## What you need to do
No pictures belong in the copy. Set down exactly the lines from the one that contains "So this is how" through the end of the data.

## Recorded data

--------

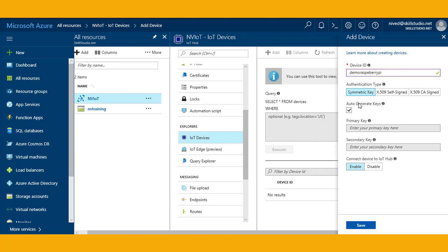Here it is asking me for different types of authentication that I want to use. If I want, I can use the CA signed certificate, then it will ask me to upload the certificate. I can also use the self-signed certificate if I'm in the development stage. I can also use the symmetric key.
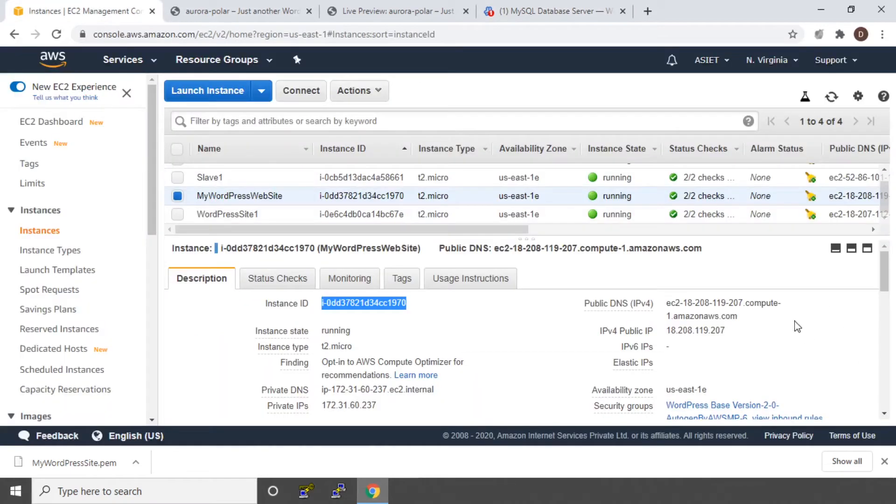So this is how we have deployed a WordPress site in our EC2 instance. We have deployed WordPress in Amazon. You can now explore WordPress to create your own websites and blogs.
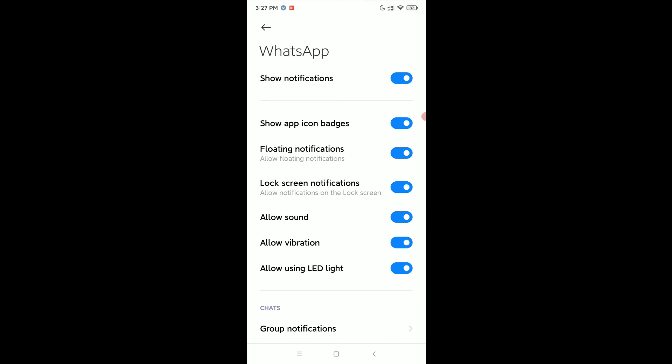You can find an option 'Allow Vibration.' You just need to disable this option. That's it! In this way, you can disable vibration in WhatsApp. I hope you can understand. Hope this video can help you.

--------

## Response below
So this is how we have deployed a WordPress site in our EC2 instance. We have deployed WordPress in Amazon. You can now explore WordPress to create your own websites and blogs.
You can find an option 'Allow Vibration.' You just need to disable this option. That's it! In this way, you can disable vibration in WhatsApp. I hope you can understand. Hope this video can help you.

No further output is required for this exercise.